EXERCISE DETAILS: Your task is to write out the entire listing exactly, omitting its pictures.

DATA BELOW:
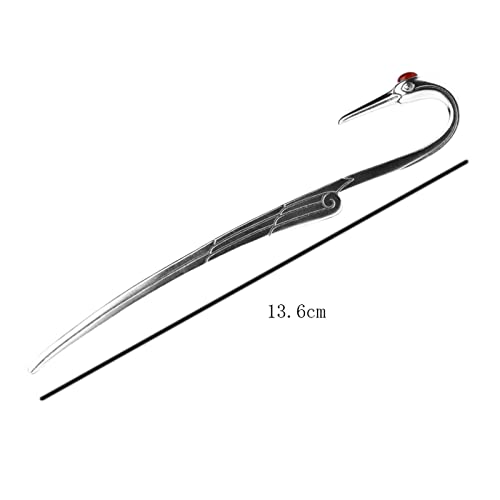 SUNESA Bookmark Sterling Silver Agate Red Crowned Crane Bookmark for Business Gifts for Teachers and Friends 13.6cm Metal Bookmark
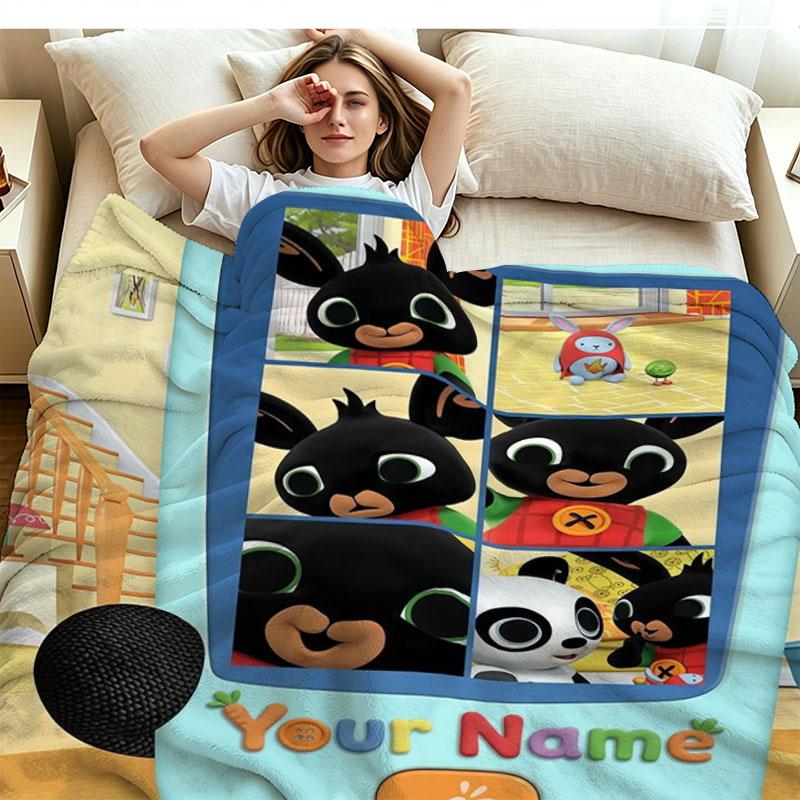 1PC Bing Custom Name Patterned Flannel Blanket Suitable For All Seasons for Home Decor Warmth and Comfort Gifts Holiday Present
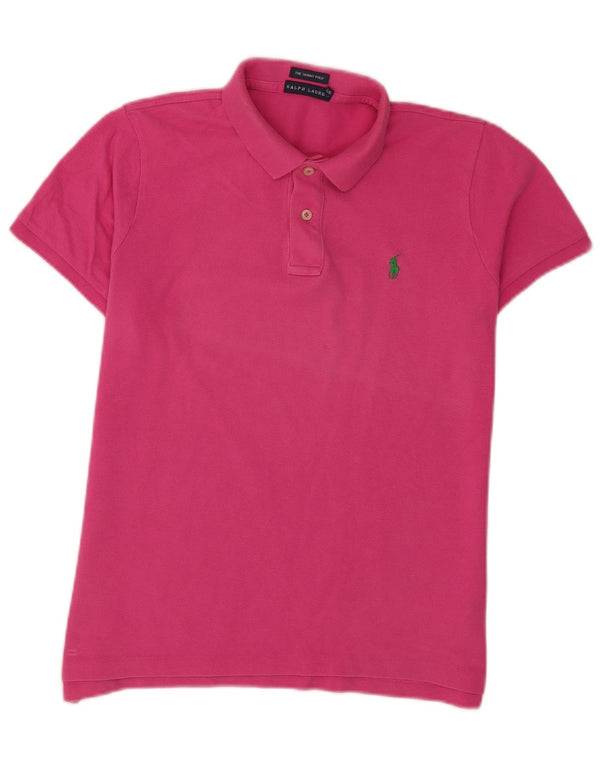 Ralph Lauren Damen Skinny Poloshirt UK 16 Large Rosa Baumwolle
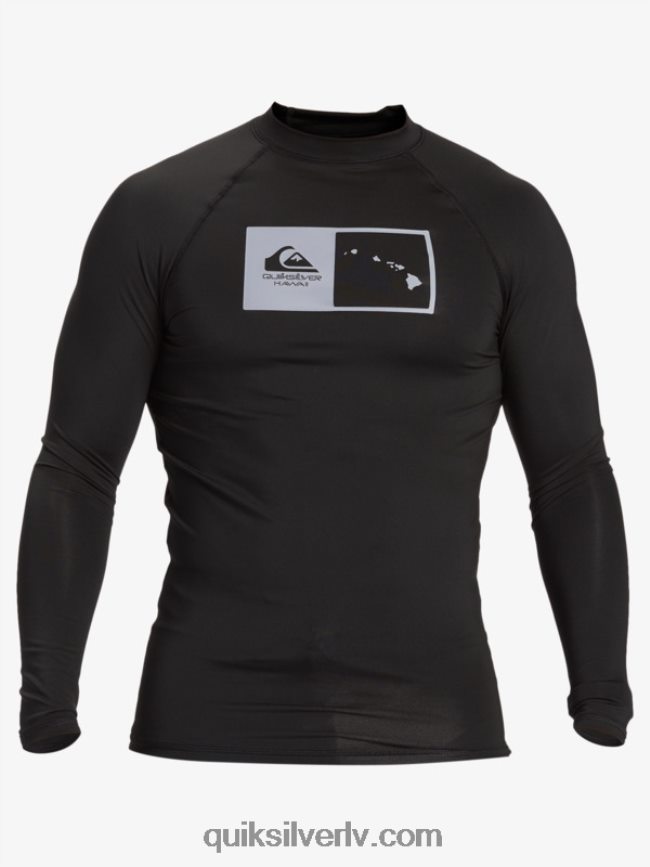 vīriešiem Quiksilver hawaii double down upf 50 sērfošanas t-ka ar garām piedurknēm melns 88064R1105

WRITTEN SOLUTION:
 SUNESA Bookmark Sterling Silver Agate Red Crowned Crane Bookmark for Business Gifts for Teachers and Friends 13.6cm Metal Bookmark
 1PC Bing Custom Name Patterned Flannel Blanket Suitable For All Seasons for Home Decor Warmth and Comfort Gifts Holiday Present
 Ralph Lauren Damen Skinny Poloshirt UK 16 Large Rosa Baumwolle
 vīriešiem Quiksilver hawaii double down upf 50 sērfošanas t-ka ar garām piedurknēm melns 88064R1105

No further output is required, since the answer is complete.